Gaia Station

Gaia Station, my Rooted in Crisis contribution developed with Lev Horodyskyj, the founder and CEO of Science Voices, asks what turned out to be a hard question: is it OK to make the climate crisis, and specifically the human effort to expand beyond our own biosphere, funny

Ok, maybe not laugh-out-loud hilarious. But darkly humorous? Satirically pointed? Once we settled on the framework for our game, I think we made a pretty good case that despite the seriousness of the subject, you don’t need to be doomsaying all the way down.

Lev is a geoscience and astrobiology educator, and he thinks big. So I needed to come up with a playable framework to contain his ideas about the expansion of our biosphere to other worlds. The big problem we’re facing, of course, is that we need to not destroy this biosphere before we get it together enough to seed another one. That’s… a lot. So we abstracted the forces that shape our world and embodied them in a crew of working stiffs just trying to get a job done. And as with our own planet, it’s at the behest of, and constantly challenged by, the short-sighted and selfish demands placed on them by their boss, which is to say, us.

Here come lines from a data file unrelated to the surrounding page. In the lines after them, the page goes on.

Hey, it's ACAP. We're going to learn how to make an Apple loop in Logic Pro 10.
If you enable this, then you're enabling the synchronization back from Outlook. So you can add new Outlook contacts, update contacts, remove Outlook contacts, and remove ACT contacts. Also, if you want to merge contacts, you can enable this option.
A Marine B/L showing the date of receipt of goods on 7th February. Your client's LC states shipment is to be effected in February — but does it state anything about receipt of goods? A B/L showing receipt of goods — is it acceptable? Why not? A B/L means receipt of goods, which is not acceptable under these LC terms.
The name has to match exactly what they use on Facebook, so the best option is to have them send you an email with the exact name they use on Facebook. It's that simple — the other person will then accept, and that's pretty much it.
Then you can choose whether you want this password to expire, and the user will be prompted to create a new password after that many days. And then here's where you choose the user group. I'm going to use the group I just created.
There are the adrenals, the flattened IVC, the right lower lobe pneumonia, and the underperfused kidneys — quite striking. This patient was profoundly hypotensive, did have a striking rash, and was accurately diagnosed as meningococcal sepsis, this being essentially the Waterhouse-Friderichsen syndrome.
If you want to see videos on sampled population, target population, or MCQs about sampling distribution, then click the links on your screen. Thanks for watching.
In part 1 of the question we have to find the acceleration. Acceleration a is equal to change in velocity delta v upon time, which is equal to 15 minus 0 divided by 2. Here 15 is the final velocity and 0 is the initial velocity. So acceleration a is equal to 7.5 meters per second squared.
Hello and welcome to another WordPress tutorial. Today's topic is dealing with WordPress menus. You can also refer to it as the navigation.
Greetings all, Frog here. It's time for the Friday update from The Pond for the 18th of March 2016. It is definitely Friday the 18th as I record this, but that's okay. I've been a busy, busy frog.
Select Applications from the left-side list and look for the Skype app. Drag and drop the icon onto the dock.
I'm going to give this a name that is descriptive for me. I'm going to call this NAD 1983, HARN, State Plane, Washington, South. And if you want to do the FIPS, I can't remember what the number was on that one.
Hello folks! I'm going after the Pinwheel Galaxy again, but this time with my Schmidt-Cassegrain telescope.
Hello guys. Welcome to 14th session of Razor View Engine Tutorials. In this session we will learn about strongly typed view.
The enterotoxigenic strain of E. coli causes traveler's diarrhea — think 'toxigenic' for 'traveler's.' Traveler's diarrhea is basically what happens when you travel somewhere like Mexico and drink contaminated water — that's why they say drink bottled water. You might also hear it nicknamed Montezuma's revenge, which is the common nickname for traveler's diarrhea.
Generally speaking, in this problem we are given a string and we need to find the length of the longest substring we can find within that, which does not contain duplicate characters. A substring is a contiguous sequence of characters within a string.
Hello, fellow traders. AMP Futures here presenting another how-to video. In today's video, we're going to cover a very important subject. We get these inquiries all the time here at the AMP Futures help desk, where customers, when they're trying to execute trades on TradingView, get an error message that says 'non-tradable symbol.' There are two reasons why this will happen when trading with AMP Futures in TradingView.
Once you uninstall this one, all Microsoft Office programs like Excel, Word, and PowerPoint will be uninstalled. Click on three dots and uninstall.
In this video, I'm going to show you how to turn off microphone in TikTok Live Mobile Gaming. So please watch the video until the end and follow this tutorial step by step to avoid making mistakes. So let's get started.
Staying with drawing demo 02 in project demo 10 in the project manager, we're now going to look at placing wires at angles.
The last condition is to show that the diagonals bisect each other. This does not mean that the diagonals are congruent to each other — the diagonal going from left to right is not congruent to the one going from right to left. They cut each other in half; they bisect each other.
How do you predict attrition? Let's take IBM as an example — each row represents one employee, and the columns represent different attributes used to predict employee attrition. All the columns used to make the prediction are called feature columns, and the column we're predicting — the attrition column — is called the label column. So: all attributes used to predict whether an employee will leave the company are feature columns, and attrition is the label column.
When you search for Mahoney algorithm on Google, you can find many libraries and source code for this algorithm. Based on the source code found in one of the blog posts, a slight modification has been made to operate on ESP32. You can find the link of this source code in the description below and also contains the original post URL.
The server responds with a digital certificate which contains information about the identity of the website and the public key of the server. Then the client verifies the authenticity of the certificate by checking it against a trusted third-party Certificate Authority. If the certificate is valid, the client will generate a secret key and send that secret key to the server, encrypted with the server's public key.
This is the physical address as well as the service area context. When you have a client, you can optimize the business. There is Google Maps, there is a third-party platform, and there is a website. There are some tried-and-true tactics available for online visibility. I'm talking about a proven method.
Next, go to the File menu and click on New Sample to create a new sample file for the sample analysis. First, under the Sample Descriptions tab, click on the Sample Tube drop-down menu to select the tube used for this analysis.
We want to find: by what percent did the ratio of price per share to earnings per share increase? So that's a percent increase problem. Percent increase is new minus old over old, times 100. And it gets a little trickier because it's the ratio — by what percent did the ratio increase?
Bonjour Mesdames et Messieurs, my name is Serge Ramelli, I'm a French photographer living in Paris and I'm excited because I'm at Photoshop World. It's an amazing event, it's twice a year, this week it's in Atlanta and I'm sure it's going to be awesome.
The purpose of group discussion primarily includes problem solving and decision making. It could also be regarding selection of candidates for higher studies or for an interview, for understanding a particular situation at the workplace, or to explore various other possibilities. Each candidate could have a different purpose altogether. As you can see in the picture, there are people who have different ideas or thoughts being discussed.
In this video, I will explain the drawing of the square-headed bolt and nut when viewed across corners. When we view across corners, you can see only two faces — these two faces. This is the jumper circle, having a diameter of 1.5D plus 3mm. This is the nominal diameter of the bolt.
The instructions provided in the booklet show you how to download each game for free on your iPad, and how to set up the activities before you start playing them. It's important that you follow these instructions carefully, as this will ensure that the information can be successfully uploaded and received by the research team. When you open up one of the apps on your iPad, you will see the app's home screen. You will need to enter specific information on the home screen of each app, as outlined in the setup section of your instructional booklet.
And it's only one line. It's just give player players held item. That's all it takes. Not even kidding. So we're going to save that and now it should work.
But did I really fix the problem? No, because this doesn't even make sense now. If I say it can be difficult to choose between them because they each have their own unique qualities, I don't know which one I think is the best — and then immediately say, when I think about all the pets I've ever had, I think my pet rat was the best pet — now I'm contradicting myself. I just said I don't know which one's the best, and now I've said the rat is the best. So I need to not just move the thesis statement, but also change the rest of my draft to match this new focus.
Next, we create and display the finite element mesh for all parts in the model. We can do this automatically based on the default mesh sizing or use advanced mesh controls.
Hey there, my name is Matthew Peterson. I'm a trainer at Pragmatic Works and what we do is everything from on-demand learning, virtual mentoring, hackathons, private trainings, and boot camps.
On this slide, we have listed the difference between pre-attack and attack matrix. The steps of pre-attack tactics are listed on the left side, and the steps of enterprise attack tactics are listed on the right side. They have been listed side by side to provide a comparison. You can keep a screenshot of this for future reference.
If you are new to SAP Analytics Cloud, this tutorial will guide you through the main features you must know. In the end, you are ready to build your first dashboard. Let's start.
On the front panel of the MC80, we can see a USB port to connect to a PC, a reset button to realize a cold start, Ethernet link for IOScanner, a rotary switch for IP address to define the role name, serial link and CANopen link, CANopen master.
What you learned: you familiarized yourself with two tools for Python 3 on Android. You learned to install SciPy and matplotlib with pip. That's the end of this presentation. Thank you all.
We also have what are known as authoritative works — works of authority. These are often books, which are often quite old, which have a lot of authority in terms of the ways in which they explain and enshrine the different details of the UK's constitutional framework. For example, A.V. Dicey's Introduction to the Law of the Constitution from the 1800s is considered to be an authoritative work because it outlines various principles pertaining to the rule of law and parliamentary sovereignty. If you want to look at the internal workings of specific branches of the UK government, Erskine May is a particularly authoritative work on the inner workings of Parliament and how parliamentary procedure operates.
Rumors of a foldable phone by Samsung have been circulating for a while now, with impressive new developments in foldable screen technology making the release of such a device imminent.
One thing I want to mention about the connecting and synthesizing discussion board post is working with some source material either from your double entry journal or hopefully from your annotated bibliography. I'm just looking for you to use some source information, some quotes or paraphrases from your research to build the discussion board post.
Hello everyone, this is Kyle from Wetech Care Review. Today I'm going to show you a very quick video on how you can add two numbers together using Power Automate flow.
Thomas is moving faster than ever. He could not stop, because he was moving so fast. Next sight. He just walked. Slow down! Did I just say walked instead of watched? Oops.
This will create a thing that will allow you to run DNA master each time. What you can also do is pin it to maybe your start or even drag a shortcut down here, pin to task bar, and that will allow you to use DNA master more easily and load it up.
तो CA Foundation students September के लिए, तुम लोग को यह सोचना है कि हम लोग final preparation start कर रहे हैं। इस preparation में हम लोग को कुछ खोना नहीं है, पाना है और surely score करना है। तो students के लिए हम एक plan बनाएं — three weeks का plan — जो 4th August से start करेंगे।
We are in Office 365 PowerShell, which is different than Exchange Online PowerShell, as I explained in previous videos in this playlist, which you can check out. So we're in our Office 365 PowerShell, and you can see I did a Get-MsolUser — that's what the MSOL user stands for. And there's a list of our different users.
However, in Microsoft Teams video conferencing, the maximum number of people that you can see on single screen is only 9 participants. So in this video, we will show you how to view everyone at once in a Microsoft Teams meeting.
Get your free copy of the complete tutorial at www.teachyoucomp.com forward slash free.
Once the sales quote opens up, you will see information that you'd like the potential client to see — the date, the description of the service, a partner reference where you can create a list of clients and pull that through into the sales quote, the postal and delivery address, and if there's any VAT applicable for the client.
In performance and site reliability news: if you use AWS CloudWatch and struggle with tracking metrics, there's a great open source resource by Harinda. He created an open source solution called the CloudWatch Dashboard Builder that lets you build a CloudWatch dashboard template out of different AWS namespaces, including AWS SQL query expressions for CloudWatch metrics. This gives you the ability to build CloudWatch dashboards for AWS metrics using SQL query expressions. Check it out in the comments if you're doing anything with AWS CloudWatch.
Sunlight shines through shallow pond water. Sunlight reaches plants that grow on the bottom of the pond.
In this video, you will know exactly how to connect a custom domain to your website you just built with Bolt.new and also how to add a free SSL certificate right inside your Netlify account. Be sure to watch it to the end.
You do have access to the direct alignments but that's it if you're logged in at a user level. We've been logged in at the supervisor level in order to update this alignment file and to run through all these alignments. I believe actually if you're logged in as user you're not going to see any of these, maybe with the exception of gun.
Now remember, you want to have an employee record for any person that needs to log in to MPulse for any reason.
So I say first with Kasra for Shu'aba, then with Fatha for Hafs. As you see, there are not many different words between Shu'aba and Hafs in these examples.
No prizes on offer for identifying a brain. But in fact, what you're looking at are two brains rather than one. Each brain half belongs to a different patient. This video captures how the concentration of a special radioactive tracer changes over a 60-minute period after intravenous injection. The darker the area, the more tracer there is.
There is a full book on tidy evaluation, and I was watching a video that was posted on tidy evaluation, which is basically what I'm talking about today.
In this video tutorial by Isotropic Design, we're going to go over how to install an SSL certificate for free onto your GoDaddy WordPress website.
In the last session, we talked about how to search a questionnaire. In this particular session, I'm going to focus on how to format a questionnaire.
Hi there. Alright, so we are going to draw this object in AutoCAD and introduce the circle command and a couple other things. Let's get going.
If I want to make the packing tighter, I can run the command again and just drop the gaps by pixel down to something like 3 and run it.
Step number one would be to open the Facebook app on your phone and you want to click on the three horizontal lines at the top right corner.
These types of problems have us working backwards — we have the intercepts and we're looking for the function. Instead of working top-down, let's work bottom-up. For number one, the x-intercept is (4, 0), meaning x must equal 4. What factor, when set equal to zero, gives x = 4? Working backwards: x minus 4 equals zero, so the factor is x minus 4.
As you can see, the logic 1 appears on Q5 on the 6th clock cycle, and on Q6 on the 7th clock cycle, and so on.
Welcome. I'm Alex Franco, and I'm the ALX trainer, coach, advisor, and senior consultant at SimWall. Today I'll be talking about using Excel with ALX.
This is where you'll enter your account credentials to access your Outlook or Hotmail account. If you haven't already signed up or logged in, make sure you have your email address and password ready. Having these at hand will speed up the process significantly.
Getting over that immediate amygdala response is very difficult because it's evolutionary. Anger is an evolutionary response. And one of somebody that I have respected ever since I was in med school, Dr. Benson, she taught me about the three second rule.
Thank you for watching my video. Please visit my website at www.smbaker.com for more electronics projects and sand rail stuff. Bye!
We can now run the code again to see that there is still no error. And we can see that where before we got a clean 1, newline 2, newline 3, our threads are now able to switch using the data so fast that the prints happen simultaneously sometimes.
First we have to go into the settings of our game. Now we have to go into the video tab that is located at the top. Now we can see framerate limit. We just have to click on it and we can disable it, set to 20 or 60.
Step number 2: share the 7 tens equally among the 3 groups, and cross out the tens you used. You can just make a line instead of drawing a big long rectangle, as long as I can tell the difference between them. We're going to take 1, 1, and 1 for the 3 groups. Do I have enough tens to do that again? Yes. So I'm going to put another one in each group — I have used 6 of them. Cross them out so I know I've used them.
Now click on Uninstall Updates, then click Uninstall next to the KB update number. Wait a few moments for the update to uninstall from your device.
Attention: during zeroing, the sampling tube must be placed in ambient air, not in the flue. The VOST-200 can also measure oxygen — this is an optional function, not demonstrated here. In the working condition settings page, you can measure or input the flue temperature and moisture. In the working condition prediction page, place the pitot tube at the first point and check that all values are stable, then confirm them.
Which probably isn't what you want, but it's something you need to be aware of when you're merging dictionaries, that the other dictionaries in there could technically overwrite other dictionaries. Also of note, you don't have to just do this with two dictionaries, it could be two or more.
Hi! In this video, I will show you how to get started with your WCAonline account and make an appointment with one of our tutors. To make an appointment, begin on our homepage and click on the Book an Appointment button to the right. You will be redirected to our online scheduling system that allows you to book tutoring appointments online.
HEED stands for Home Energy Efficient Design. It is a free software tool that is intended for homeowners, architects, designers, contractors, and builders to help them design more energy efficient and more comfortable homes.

By placing the players in the roles of those forces in our natural world, facing the vicissitudes of our own civilization, we hope to convey both the peril and the potential of expanding our footprint into the rest of our solar system and the galaxy beyond. We also wanted the game to show how those planetary systems work together, and what happens when they function poorly or not at all (like on Mars or Venus, say).

That’s some pretty heavy stuff, so turning it into what essentially amounts to a dysfunctional, bad-boss workplace satire was our key to hopefully making it actually entertaining to play out that tension. So, please: have fun with this game. There are other deeply moving and entirely serious games in this visionary collection. It’s OK to laugh during this one.